Although Rose isn't so sure that the budget was the reason he was bounced.
He points to one of his commentaries back in January. The subject wasn’t glowingly positive about the pending Super Bowl 2013 in New Orleans. The station is owned by an NFL owner, Tom Benson. Rose connects the dots:
The commentary was, “by my standards, lightweight – it was anything but a rant,” hetells the Times-Picayune. “It was a cautionary tale about city spending prior to the Super Bowl, looking at the expensive palm trees downtown while people in Gentilly are still waiting to get their sidewalks rebuilt from Katrina.”
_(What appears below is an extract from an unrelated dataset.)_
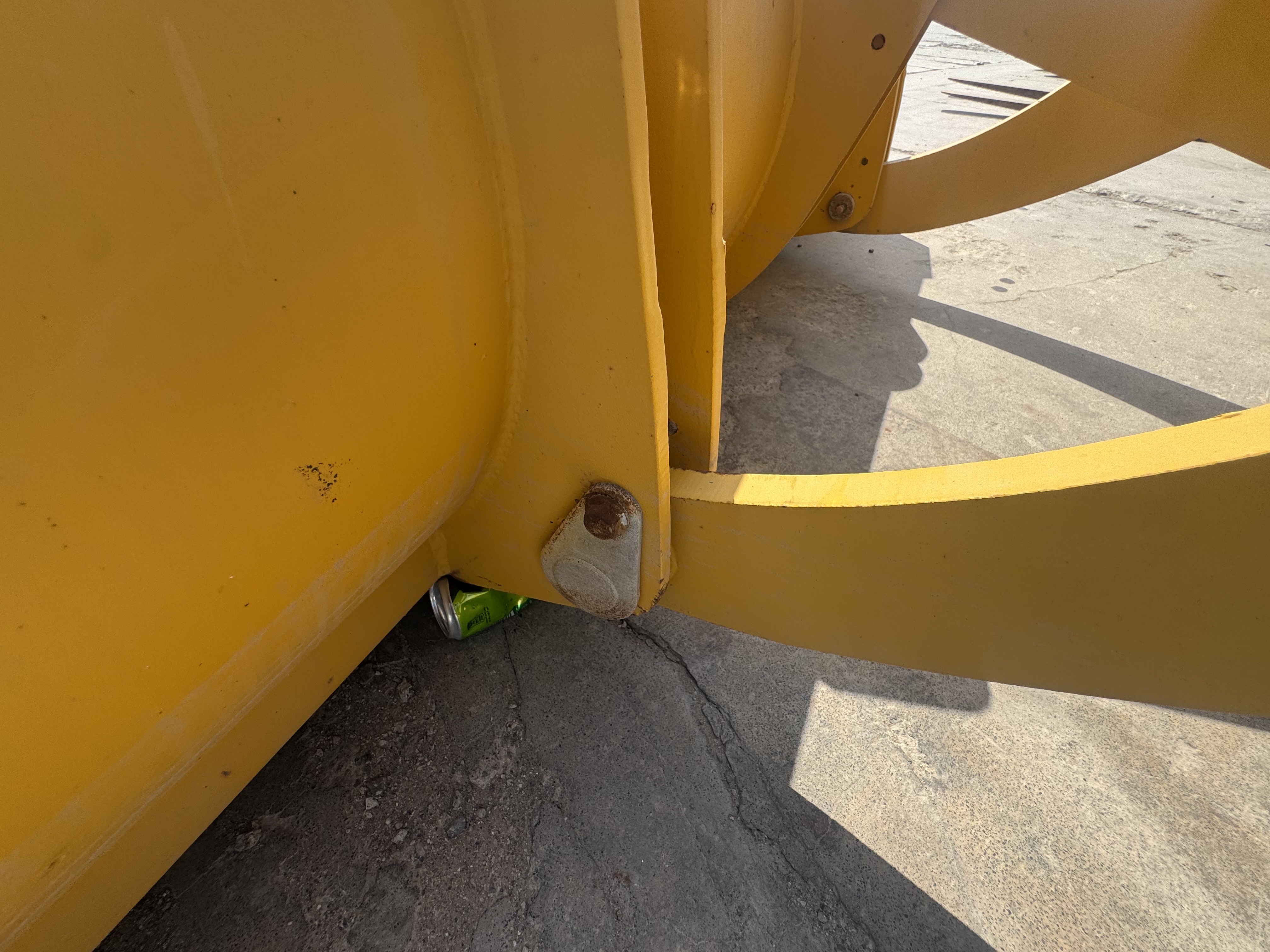 WHL-020-Shanding-ZL26-Wheel-loaders-inspection-Chassis-Pins-and-bushings-lift-arm-to-bucket-1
Rose said viewer reaction was positive – the commentary expressed views that many here held in the airbrush-heavy run-up to the game — but he was told to not do any more Super Bowl-related essays. “They gave no reason,” he said. “Just flat-out, ‘Don’t.’
“They said, ‘We want to keep it positive before the Super Bowl.’ Which I found funny, because I’ve never really equated my voice to anti-New Orleans.”
“I said, ‘Give me time. Watch what I talk about the next three weeks, which is New Orleans pride.’”
Rose’s next piece, he said, was about the multiple-victim Central City shootingson the Martin Luther King Jr. Day parade route.
“They didn’t even shoot that one,” Rose said. “And at that point, I was removed from commentaries, and I’ve just done 60 Second Interviews since. Three nights a week. That’s a lot of seconds.”
Rose, who this week and next is finishing up his last few 60 Second Interviews for the station, said the scripts for his commentaries, including the January Super Bowl spot, were approved by superiors before taping.
Mikel Schaefer, WVUE’s news director, declined to comment about Rose’s dismissal except to say, “It was 100 percent budgetary.”
WVUE staffers report recent belt-tightening at the station, including other personnel trimming and a curb on overtime.
“Honestly, we’re having to tighten the belt,” said Joe Cook, WVUE’s president and general manager. “I love his stuff. It’s a luxury that takes a lot of resources for us to do. He doesn’t shoot his own stuff. His stuff is not necessarily sponsor-able. I’m going to miss him. For the same investment, I can have a couple of reporters out there.”
Sounds like the "budget cut" was nothing more than an excuse to us.